Currently I'm working with actors, but have also fuck...I mean dealt with composers. I once even convinced someone I was Clint Eastwood, until he had the judge issue a "cease and desist" order.

Its quite hard to be a "Producer®" and also hold down a full time job selling tires so I'm under a great deal of pressure and do not think my behavior is unwarranted. Still, my friends suggested I see a "Psychiatrist®." I agreed because they all promised that if I did they would not only pay for it BUT would also pay my rent this month and I don't function well as a "Producer®" while living under a cloud of impending eviction so I thought this was a great deal (we "Producers®" are great at negotiating deals) .

The first "Psychiatrist®" I went to see was part of a clinic and only charged me $10 for an hour session. He told me that I was a megalomaniac and ought to grow up or risk losing my friends. I told him that as a "Producer®" I did not like to be condescended to and I didn't think as a "Psychiatrist®" he was really understanding my deep inner self and need for love and acceptance so I threw the $10 at him and left. I didn't tell my friends what he said for fear that they might agree and besides it was around 6pm when I left and they were probably all eating dinner.

The second "Psychiatrist®" I went to see was recommended by a friend who she had cured of smoking. This woman charged me $50 for an hour session and told me I was a narcissist with some sort of vague talent. I loved the part about the talent but don't know what a narcissist is and at that precise moment I saw myself in this big mirror she had on the wall and thought, "I'm way too cool and good looking to deal with these big words from this pseudo-intellectual," and so I politely settled up and left, combing my lovely "Producer®" hair as I flounced out of the room secretly playing with myself through my pocket since I'm so gorgeous and hip.

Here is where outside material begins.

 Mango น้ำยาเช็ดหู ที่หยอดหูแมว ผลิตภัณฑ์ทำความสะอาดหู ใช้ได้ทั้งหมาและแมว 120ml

Finally, I went to a "Psychiatrist®" who my cousin uses to discuss his cross-dressing issues. For an hour session at $70 he told me that I have a lovely soul and am extraordinarily misunderstood by my so-called friends. He told me that my inability to respond to the communications of others shouldn't mean that I have to be understanding and non-hypocritical when it comes time for them to answer mine since that's just the "way I am, and the way you are is what makes you what you are," and these dimwits ought to understand that. I must say, I loved this "Psychiatrist®" and would also like to add that he had a very hot secretary.

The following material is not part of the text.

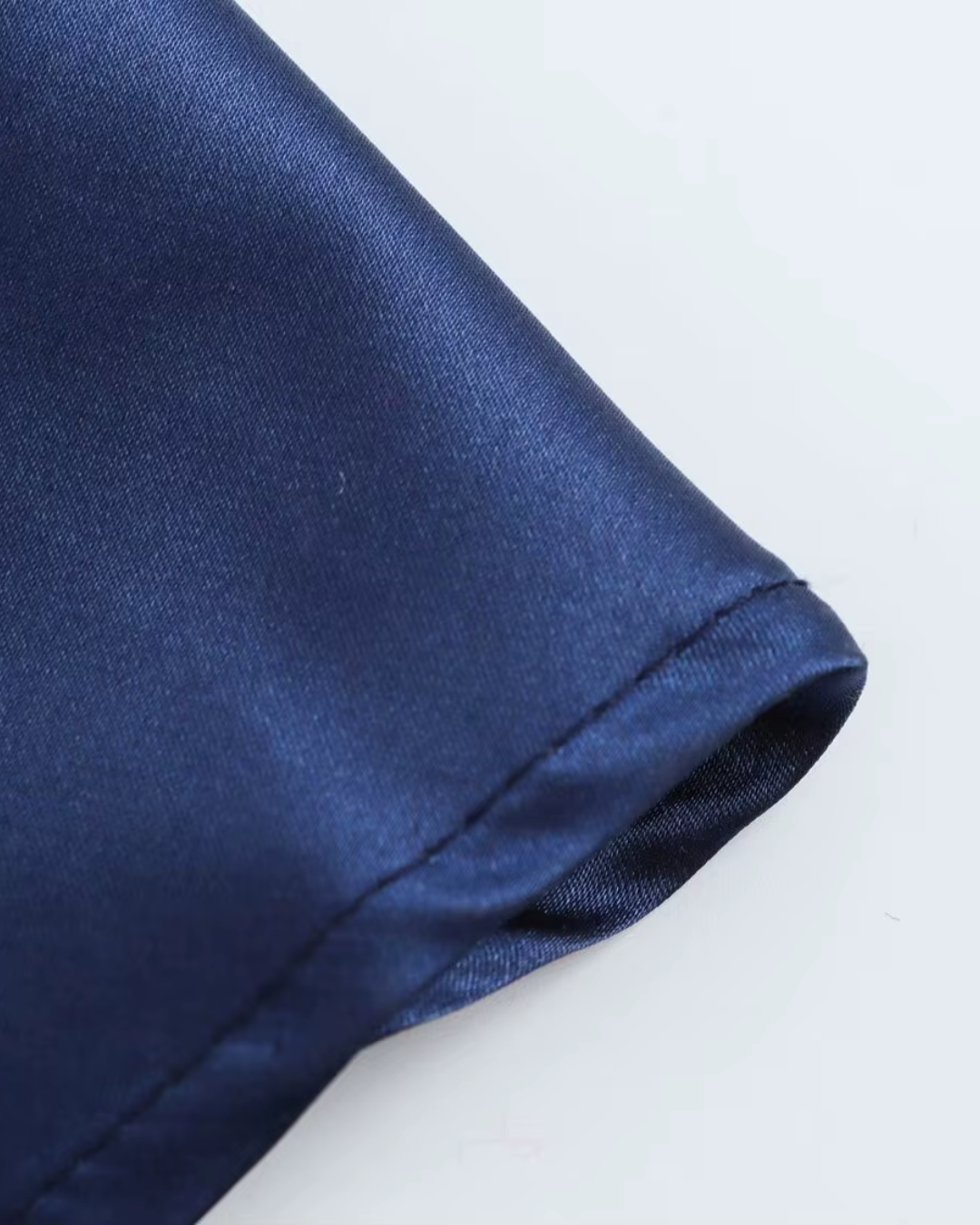 Donkerblauwe Halter Maxi Jurk van Satijn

Out of all three "Psychiatric Opinions®" which one do you think I should go with? I'm leaning towards number three because of its great depth of understanding although number two is kind of cool because it indicates I'm talented and I want everyone to know that this has been verified by the "Medical Community®," if not necessarily the artistic one. As I've mentioned, I don't care for number one at all.

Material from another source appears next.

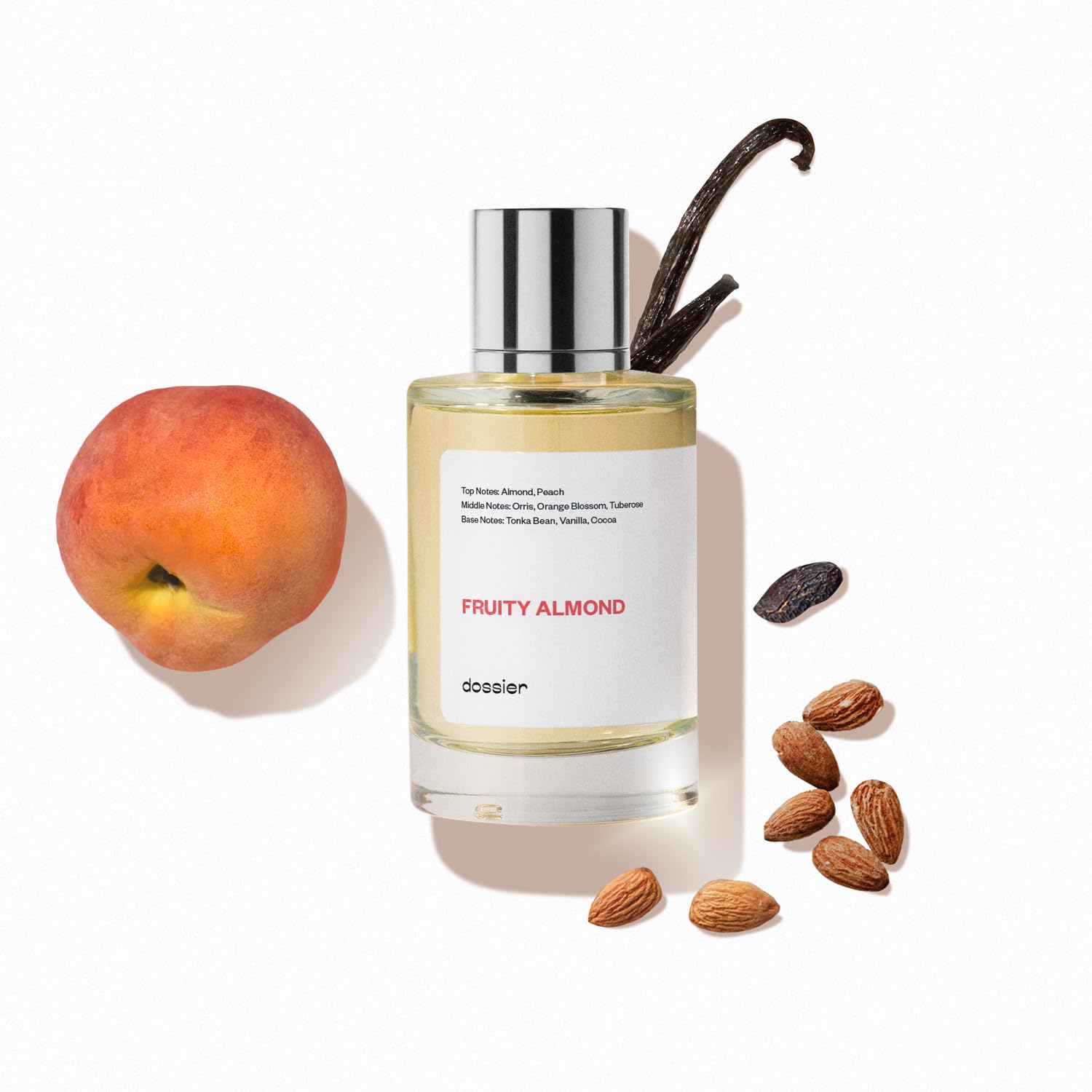 Dossier Fruity Almond bottle front for everyday wear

What to do, Uncle Coolcah?

Just sign me,
Producer From Park Avenue (the one in Flushing)

Dear Park "Producer®,"

I'll send you the number for my "Psychiatrist®." For $100 he'll tell you you're an elephant and then you can go join a fucking circus.

Fran Cooclahlee (affectionately known as "Uncle Cooclah") is a well known syndicated advice columnist and pundit who appears on talk shows and news channels to discuss and analyze minutiae for hours on end. Please feel free to post your questions to him here. While he can't get to everyone he promises not to come to the homes of those he can get to.